§ **Exercise aim**
Reproduce, exactly as they appear, the line containing "NEGRO LEAGUE スタジャン" and every line after it, ending with the last line of the records.

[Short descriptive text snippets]
━━━━━━━━━━━━━━━━━━━━

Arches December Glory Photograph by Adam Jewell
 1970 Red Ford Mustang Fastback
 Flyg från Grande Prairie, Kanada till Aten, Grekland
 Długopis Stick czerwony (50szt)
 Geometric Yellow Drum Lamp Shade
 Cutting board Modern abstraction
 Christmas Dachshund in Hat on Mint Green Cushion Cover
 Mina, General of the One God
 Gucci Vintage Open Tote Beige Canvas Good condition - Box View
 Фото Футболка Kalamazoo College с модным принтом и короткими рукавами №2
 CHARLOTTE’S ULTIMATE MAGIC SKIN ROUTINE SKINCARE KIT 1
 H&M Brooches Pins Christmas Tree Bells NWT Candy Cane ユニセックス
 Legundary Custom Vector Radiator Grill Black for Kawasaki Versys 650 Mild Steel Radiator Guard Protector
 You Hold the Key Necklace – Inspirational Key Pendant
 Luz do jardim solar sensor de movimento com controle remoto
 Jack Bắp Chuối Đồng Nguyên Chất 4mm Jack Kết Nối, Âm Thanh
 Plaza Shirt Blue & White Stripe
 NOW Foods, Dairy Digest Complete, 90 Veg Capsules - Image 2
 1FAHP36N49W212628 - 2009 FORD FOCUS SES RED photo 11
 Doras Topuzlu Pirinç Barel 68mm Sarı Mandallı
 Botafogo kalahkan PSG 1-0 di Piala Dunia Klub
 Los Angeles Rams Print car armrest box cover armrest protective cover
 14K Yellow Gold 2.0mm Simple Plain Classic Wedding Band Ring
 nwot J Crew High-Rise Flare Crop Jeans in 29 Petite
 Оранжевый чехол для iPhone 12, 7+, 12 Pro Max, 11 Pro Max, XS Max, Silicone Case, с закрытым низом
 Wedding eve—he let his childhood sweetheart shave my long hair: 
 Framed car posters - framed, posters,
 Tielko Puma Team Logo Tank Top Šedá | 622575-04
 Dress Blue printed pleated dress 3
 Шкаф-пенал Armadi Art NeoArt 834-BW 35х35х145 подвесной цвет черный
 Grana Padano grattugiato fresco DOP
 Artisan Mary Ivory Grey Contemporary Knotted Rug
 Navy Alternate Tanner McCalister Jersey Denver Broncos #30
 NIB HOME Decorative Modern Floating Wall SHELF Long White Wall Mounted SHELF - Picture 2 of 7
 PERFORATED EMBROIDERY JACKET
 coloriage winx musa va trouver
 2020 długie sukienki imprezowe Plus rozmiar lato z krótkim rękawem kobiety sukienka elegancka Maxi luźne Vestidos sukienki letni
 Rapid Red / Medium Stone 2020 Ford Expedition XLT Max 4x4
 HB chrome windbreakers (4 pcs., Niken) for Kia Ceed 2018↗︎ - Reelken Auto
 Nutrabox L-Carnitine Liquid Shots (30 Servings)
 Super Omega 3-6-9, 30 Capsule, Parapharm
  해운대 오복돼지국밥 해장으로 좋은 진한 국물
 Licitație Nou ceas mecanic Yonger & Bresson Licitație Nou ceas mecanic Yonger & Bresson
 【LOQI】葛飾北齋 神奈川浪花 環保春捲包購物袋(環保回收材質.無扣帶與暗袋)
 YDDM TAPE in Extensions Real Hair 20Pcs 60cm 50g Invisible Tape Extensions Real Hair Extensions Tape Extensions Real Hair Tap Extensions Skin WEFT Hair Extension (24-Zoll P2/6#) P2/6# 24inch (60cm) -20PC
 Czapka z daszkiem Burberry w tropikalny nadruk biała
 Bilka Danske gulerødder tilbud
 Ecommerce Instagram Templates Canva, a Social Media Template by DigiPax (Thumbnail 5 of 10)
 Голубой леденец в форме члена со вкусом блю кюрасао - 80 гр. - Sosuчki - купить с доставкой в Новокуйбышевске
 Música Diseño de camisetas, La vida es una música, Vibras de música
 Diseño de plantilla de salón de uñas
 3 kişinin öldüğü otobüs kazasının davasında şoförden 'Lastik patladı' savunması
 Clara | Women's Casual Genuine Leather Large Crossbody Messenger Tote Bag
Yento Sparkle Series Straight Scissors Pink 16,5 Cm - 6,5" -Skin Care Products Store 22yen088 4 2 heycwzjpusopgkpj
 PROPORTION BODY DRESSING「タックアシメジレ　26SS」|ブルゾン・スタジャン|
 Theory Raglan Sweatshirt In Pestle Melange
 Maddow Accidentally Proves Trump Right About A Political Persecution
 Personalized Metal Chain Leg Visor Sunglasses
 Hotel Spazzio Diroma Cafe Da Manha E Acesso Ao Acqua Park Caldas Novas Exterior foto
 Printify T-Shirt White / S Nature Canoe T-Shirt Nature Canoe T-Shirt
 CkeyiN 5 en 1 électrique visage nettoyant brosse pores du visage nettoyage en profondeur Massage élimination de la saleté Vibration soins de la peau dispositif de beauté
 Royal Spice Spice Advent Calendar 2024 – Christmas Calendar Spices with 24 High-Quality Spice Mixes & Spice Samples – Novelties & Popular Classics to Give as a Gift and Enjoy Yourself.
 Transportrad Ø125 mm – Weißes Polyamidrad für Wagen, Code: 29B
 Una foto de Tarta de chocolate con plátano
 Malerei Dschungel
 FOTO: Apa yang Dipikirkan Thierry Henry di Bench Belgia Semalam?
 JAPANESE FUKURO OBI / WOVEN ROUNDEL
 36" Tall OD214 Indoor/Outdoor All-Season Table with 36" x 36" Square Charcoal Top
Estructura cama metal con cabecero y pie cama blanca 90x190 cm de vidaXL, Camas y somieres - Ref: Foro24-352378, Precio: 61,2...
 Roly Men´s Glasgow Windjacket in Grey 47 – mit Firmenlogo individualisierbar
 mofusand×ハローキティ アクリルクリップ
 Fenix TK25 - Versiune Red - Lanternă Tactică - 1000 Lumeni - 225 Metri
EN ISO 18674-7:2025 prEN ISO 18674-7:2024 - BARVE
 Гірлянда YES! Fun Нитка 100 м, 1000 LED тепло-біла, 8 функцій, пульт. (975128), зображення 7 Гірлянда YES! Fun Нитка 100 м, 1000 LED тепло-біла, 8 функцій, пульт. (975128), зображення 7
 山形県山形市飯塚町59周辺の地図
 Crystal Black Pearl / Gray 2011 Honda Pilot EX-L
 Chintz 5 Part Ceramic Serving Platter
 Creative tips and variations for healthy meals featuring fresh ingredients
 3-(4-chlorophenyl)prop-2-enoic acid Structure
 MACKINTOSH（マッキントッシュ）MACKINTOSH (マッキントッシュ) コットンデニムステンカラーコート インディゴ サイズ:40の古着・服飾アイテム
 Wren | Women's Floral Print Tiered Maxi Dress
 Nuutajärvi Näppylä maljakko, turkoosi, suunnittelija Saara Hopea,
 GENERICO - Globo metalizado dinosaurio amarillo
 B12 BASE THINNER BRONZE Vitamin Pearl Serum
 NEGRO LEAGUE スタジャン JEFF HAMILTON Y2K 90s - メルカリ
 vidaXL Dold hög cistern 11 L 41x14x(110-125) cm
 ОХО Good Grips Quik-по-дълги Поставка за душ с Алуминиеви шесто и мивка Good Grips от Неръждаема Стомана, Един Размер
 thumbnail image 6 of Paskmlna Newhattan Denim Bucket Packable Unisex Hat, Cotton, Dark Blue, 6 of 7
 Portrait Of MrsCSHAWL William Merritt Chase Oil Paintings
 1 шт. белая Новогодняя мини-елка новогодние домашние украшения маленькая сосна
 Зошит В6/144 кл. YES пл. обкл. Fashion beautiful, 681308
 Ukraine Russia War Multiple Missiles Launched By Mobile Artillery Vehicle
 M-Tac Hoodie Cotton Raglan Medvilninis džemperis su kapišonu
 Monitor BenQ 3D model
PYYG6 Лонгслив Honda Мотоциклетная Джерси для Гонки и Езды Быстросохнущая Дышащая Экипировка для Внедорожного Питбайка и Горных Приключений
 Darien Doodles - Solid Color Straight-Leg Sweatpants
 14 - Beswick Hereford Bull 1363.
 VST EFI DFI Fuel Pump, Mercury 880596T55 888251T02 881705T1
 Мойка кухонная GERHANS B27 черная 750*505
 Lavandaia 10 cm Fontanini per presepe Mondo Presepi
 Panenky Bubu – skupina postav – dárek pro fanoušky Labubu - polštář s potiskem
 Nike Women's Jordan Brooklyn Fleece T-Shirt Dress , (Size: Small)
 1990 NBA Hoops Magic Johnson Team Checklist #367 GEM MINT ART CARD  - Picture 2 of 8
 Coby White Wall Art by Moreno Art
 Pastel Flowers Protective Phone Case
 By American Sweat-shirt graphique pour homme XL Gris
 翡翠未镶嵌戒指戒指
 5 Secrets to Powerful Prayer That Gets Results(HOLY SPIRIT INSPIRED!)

━━━━━━━━━━━━━━━━━━━━

§ **Written solution**
 NEGRO LEAGUE スタジャン JEFF HAMILTON Y2K 90s - メルカリ
 vidaXL Dold hög cistern 11 L 41x14x(110-125) cm
 ОХО Good Grips Quik-по-дълги Поставка за душ с Алуминиеви шесто и мивка Good Grips от Неръждаема Стомана, Един Размер
 thumbnail image 6 of Paskmlna Newhattan Denim Bucket Packable Unisex Hat, Cotton, Dark Blue, 6 of 7
 Portrait Of MrsCSHAWL William Merritt Chase Oil Paintings
 1 шт. белая Новогодняя мини-елка новогодние домашние украшения маленькая сосна
 Зошит В6/144 кл. YES пл. обкл. Fashion beautiful, 681308
 Ukraine Russia War Multiple Missiles Launched By Mobile Artillery Vehicle
 M-Tac Hoodie Cotton Raglan Medvilninis džemperis su kapišonu
 Monitor BenQ 3D model
PYYG6 Лонгслив Honda Мотоциклетная Джерси для Гонки и Езды Быстросохнущая Дышащая Экипировка для Внедорожного Питбайка и Горных Приключений
 Darien Doodles - Solid Color Straight-Leg Sweatpants
 14 - Beswick Hereford Bull 1363.
 VST EFI DFI Fuel Pump, Mercury 880596T55 888251T02 881705T1
 Мойка кухонная GERHANS B27 черная 750*505
 Lavandaia 10 cm Fontanini per presepe Mondo Presepi
 Panenky Bubu – skupina postav – dárek pro fanoušky Labubu - polštář s potiskem
 Nike Women's Jordan Brooklyn Fleece T-Shirt Dress , (Size: Small)
 1990 NBA Hoops Magic Johnson Team Checklist #367 GEM MINT ART CARD  - Picture 2 of 8
 Coby White Wall Art by Moreno Art
 Pastel Flowers Protective Phone Case
 By American Sweat-shirt graphique pour homme XL Gris
 翡翠未镶嵌戒指戒指
 5 Secrets to Powerful Prayer That Gets Results(HOLY SPIRIT INSPIRED!)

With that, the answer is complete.